# 수도 라벨링을 위한 csv-to-json 변환 코드 v2

In [1]:
import pandas as pd
import numpy as np
import json

from tqdm.notebook import tqdm

In [2]:
csv_path = 'univ-5fold.csv'

df = pd.read_csv(csv_path)
df.drop('Unnamed: 0', axis=1, inplace=True)
for i, row in df.iterrows():
    assert type(row['PredictionString']) != float, i
    df[df.iloc[:,0].isna()]

df_csv = df.copy()
df_csv.head()

Unnamed: 0,PredictionString,image_id
0,7 0.9613852500915527 216.7988739013672 53.5352...,test/0000.jpg
1,6 0.4535674750804901 748.309814453125 657.1721...,test/0001.jpg
2,4 0.8279581665992737 866.7210083007812 245.693...,test/0002.jpg
3,9 0.8936083912849426 146.02633666992188 262.45...,test/0003.jpg
4,1 0.575635552406311 192.84735107421875 248.478...,test/0004.jpg


In [34]:
classes = np.array(["General trash", "Paper", "Paper pack", "Metal", "Glass", 
           "Plastic", "Styrofoam", "Plastic bag", "Battery", "Clothing"])

df = pd.DataFrame()

for index, row in tqdm(df_csv.iterrows(), total=len(df_csv)):
    preds, img_id = row

    L = np.array(preds.split()).reshape(-1, 6).astype(float).T

    labels = L[0].astype(int)
    scores, xs, ys, Xs, Ys = L[1:]
    ws = Xs - xs
    hs = Ys - ys
    areas = ws * hs

    xs = np.round(xs, 1)
    ys = np.round(ys, 1)
    ws = np.round(ws, 1)
    hs = np.round(hs, 1)

    df_tmp = pd.DataFrame({
        'image_id': np.repeat(int(img_id[5:9]), len(xs)),
        'category_id': labels,
        'score': scores,
        'area': areas,
        'bbox': '',
        'iscrowd': 0,
        'id': 0,
    })
    for i, r in df_tmp.iterrows():
        df_tmp.at[i, 'bbox'] = [xs[i], ys[i], ws[i], hs[i]]
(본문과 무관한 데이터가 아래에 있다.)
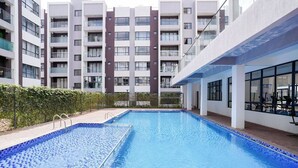 A swimming pool with a tiled border, surrounded by a hedge, and adjacent to a multi-story building with balconies. - Modern 1BR Near JKIA & SGR | Pool, Gym & Free Parking (Nairobi)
    df = df.append(df_tmp, ignore_index=True)

df['id'] = range(30000, 30000+len(df))

df_backup = df.copy()

  0%|          | 0/4871 [00:00<?, ?it/s]

Unnamed: 0,image_id,category_id,score,area,bbox,iscrowd,id
0,0,7,0.961385,99815.039999,"[216.8, 53.5, 237.1, 420.9]",0,30000
1,0,7,0.951324,63649.19914,"[118.6, 422.8, 211.9, 300.3]",0,30001
2,0,7,0.926737,177775.498759,"[602.9, 518.8, 354.3, 501.8]",0,30002
3,0,7,0.916981,75925.221451,"[390.4, 192.0, 213.2, 356.1]",0,30003
4,0,7,0.874926,54109.49758,"[449.2, 601.6, 198.0, 273.2]",0,30004


Train / Test Set의 이미지 개수가 비슷하므로, 박스 개수도 비슷할 것이라는 가정 하에 비슷한 박스 개수를 가지는 Score Threshold 탐색

In [49]:
# 박스 개수가 적당한 Threshold 탐색
for thr in np.arange(0, 1, 0.01):
    df_thr = df_norm[df_norm.score >= thr].copy()
    if len(df_thr) < 23000:
        break

df_thr.drop('score', axis=1, inplace=True)
df_thr.image_id += 10000
print(f'Score Threshold: {thr:.2f}, # of boxes: {len(df_thr)}')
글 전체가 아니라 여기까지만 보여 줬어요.